Hump-day blues

Wednesday morning. By the end of today it’ll be over half way through the week; a day worth celebrating. Tomorrow is Thursday (you can tell why I’m studying at masters level) and campus day. It’s also week 5 and almost half way through the first semester.

I woke this morning with the unhelpful thought of how much I didnt know; how much I’ve got learn; how little time I’ve got to learn it AND how likely I am to fail. Not the most positive start to a dark and gloomy but surprisingly dry Manchester day.

All of that compounded by arriving at the station to travel to the Sheffield office without my work-pass as evidence of my failure. Most truly a bear of very little brain.

It would be so very easy to allow these negative thoughts to entangle me in that tightening spiral which John Green describes so eloquently in ‘Turtles all the way down. It takes much more effort to work against them than to embrace them. And I am sooo tired.
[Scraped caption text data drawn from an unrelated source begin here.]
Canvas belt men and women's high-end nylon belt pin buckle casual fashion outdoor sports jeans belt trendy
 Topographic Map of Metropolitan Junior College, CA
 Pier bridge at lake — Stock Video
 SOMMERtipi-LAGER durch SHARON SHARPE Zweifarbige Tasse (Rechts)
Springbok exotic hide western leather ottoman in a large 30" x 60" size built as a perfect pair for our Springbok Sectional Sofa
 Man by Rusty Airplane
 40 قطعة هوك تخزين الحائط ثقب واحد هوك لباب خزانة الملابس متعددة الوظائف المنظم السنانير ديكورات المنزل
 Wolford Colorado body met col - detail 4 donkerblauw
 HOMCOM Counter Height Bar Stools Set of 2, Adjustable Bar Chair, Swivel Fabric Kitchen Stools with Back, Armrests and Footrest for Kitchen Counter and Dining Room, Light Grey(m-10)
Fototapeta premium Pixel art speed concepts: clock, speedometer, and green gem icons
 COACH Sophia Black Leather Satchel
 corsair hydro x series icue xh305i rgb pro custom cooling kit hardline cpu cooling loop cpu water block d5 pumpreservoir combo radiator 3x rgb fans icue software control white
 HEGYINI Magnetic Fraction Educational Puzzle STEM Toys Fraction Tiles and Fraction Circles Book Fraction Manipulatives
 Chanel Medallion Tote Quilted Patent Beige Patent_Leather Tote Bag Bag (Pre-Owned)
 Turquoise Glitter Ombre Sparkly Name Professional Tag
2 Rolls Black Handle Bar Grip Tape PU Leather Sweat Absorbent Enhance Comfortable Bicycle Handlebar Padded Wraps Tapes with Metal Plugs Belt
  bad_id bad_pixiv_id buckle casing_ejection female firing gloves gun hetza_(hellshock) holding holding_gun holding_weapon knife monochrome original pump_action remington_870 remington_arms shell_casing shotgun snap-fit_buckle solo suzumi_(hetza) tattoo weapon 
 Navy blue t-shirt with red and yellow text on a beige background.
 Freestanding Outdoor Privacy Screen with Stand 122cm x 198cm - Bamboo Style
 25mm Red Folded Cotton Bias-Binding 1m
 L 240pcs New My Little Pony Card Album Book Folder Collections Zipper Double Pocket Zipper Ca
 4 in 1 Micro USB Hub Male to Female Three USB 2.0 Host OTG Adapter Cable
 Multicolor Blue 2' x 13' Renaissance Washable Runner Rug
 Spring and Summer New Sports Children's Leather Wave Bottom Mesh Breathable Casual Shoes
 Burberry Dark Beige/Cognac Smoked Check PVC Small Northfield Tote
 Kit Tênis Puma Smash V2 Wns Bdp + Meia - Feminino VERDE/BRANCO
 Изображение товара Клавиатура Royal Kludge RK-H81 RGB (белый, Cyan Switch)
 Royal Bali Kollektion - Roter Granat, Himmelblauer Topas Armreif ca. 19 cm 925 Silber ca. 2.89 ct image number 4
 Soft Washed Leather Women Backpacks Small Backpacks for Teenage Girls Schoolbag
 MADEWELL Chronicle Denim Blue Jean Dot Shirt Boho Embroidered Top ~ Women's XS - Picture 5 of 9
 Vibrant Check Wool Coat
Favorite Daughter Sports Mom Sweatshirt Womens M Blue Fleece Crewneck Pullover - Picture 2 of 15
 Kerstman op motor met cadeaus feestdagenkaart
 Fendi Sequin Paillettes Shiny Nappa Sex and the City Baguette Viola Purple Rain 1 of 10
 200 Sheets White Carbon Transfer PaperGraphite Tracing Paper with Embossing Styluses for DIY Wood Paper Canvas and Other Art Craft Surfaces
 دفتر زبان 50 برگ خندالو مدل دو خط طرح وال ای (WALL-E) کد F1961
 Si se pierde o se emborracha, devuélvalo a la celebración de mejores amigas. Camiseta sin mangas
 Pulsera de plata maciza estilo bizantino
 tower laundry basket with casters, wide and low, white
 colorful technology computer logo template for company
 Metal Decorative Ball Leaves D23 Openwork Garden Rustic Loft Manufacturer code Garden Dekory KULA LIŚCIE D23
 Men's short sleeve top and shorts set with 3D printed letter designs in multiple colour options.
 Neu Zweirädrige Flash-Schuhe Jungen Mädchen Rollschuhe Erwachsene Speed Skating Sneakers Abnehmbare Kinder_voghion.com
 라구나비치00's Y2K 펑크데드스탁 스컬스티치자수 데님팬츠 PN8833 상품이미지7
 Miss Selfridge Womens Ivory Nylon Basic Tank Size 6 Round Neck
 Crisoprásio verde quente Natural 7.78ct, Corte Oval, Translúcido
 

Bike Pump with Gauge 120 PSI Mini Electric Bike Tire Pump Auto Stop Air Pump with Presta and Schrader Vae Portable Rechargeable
The tunnel is at it’s black dog blackest so I must imagine the light at the other end. That light is magnificent. It’s twinkling ahead almost tangible yet not. It’s the light of the myriad festivals which the human condition uses to battle against the darkness of winter.

It’s the light of snowdrops and daffodils nurtured in darkness to stand defiantly in the brief days of spring. It’s the light of the soft summer sun sparkling on warming waters. It’s the unquenchable light of the human spirit seeking to offer support across never-ending strife.

It’s hope. That double-edged sword which is hump-day. The joy of learning and the fear of failing. 

That’s all a bit deep just because I had a nightmare and forgot my pass!! 

Learning is joyous AND it is a struggle. Sometimes the distance to the end seems overwhelmingly and the negative committee inside my head becomes louder and more intrusive, not listening to them takes most of my energies. Travelling tjis line to Sheffield through and beneath the Pennines is a reasonable analogy on a day like today.

The tunnels are long and very dark and then ‘ping’ you’re in the gentle brightness of a sunkissed autumn morning. Like life. Like learning. The darkness helps you appreciate the light.

Studying is a struggle at the moment but that means the light at the end is so much more precious and warming.